Blogs - How we integrate blogs into people’s work lives and into the enterprise.
Classification - How we organize content through metadata once we’ve collected it.
Cleansing - Scrubbing undesirable information from documents before they are reused.
Collaboration - How to get people to work together efficiently on projects.
Communication - Ways in which messages pass from person to person and within groups.
Communities - All types of communities, whether they’re communities of practice, communities of interest, virtual or not.
Competitive intelligence – Basically, finding out what your competitors are doing.
Content management - How we manage all the electronic stuff that an enterprise produces.
Customer relationship management - How the people and processes in place to deal with customer relationships work (and how they can be improved).

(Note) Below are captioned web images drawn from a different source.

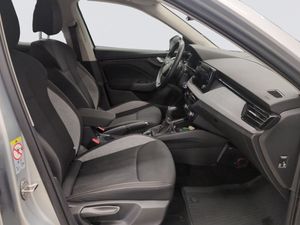 Skoda Kamiq bild 14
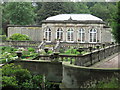 Orangery Heath House in ST10 4SB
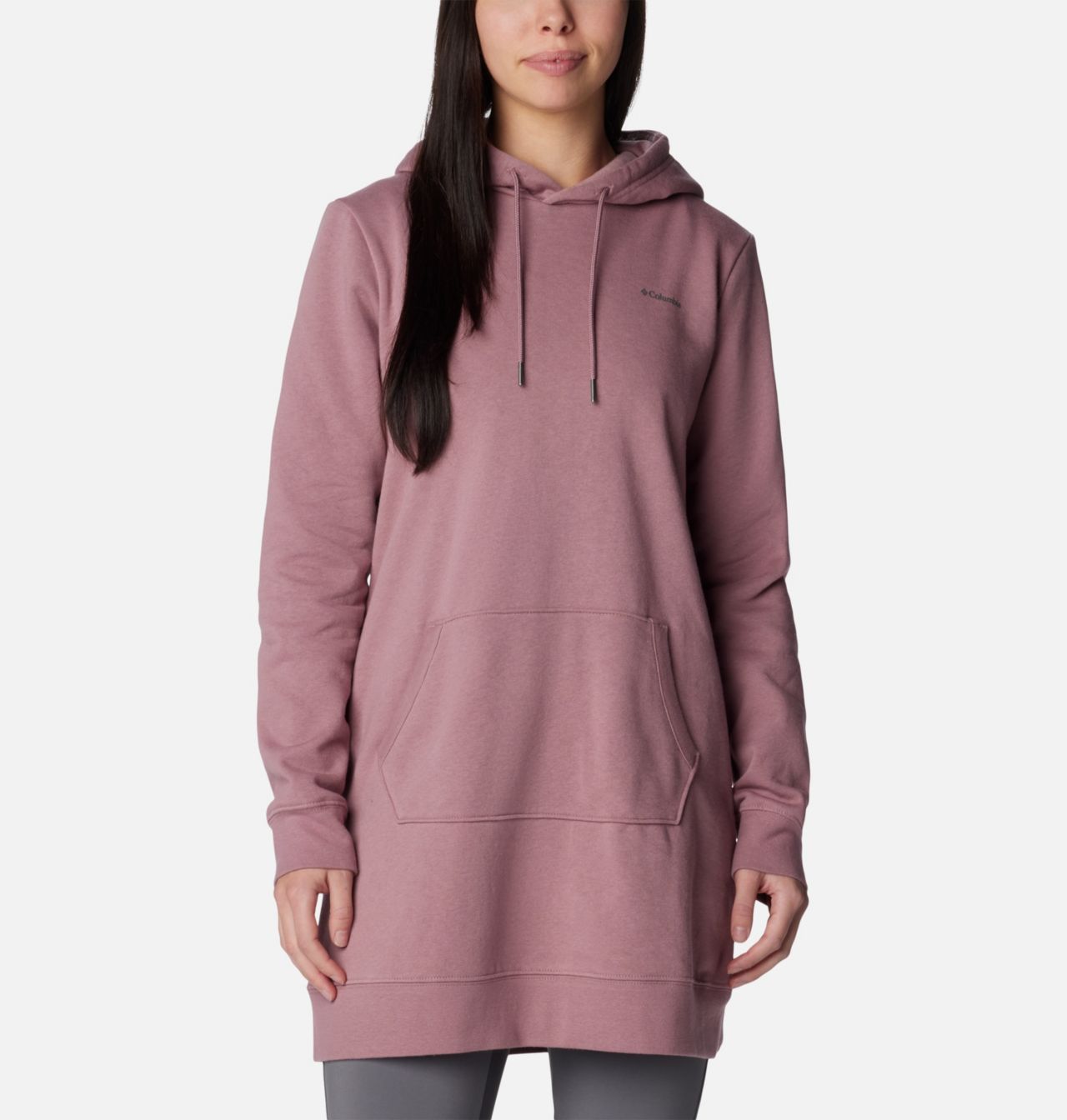 Women's Burr Trail™ Long Hoodie | 609 | M 1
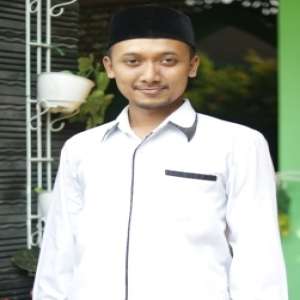 M. Muslihul Umam, S.Hi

Data mining - Finding useful patterns in heaps of data that can aid in decision-making.
Documentation - Clearly documenting processes for others.

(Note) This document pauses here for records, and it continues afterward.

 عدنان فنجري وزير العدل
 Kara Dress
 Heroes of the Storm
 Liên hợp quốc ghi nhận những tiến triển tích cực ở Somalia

Document management – Essentially, managing documents. It’s sometimes confusing as to where content, records and document management begin and end.

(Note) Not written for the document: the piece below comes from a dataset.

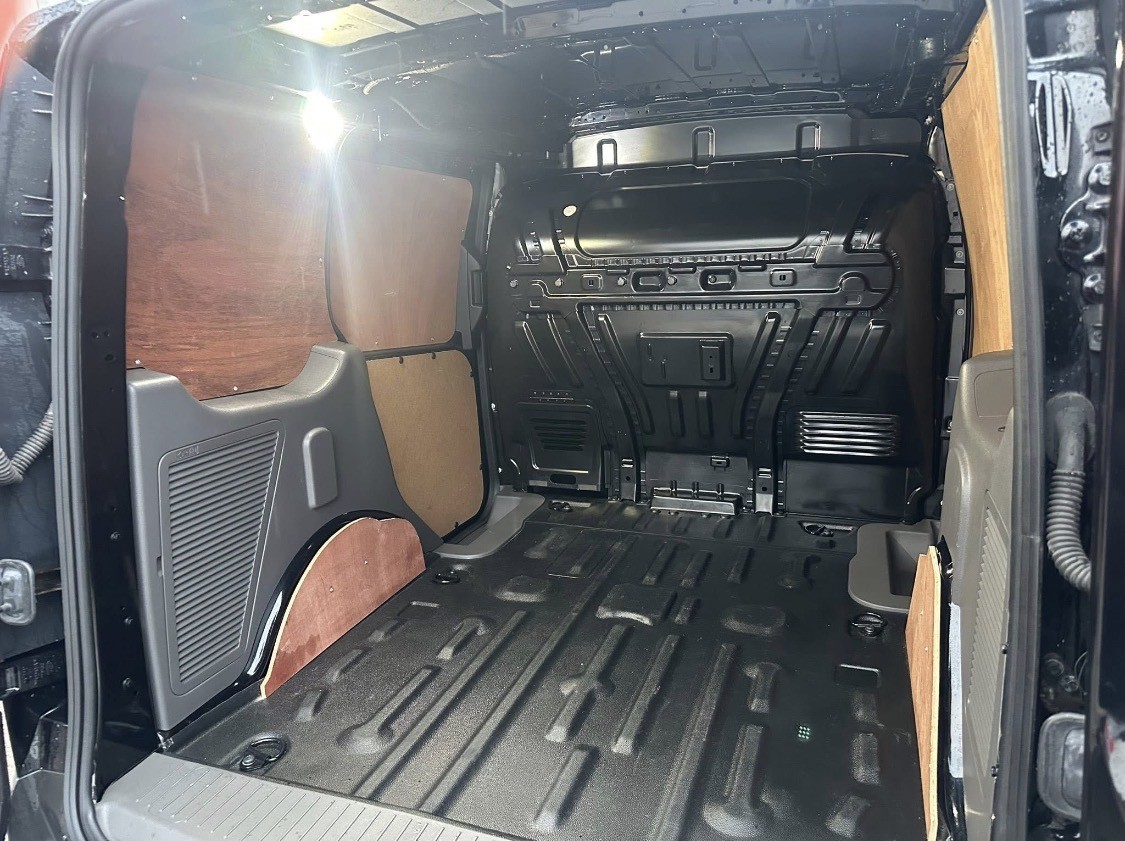 Used Ford Transit Connect 2022 for sale - 78004371: Photo 8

Expertise directories - Collections that describe what individuals know about a particular subject and to locate those individuals.
Feeds - Using RSS or other feed standards to deliver information to a reader.
Information architecture – How we structure information to achieve a goal, whether that’s findability, ease of access or another goal.
Information management - How we manage information from a broad strategic context down to individual documents and data.
Knowledge collection - How to collect the knowledge that people share.
Knowledge mapping - Also sometimes called a knowledge audit. It’s basically just figuring out where knowledge comes from and what its flow through the organization is.
Knowledge sharing - How we get people to share what they know.
Knowledge reuse - How we reuse what we or someone else already knows in a new, innovative way.
Metadata - The information about information that makes the latter findable.
Metrics - Tracking who access and uses what in order to better utilize and organize resources.
Narrative and storytelling - Using stories and narrative to convey lessons and experiences that improve business performance.
Network analysis - Determining not only what your current social network looks like, but also identifying the strong points and gaps that exist.
Outsourcing - Determining if there are less expensive and more effective locations or people to conduct knowledge work.
Portable information delivery - Delivering information, news or data to portable devices.
Portals - The aggregate place where we collect all the information that may be relevant to employees of an organization.
Search - This is really the technology that makes a search engine work, which also relates to findability and metadata.
Semantic web - The movement towards a natural language web where we can freely exchange data and knowledge using common easily-understood standards.
Succession planning - How we deal with people leaving the organization, and the knowledge that goes with them.
Taxonomy - A specific often-hierarchical way of organizing information.
Training - Making sure that people understand the processes and technologies that we implement.
Vocabularies - Determining a consistent, agreed-upon language for how we describe the business our organization does.
Wikis - How we use collaborative editing to solve business problems.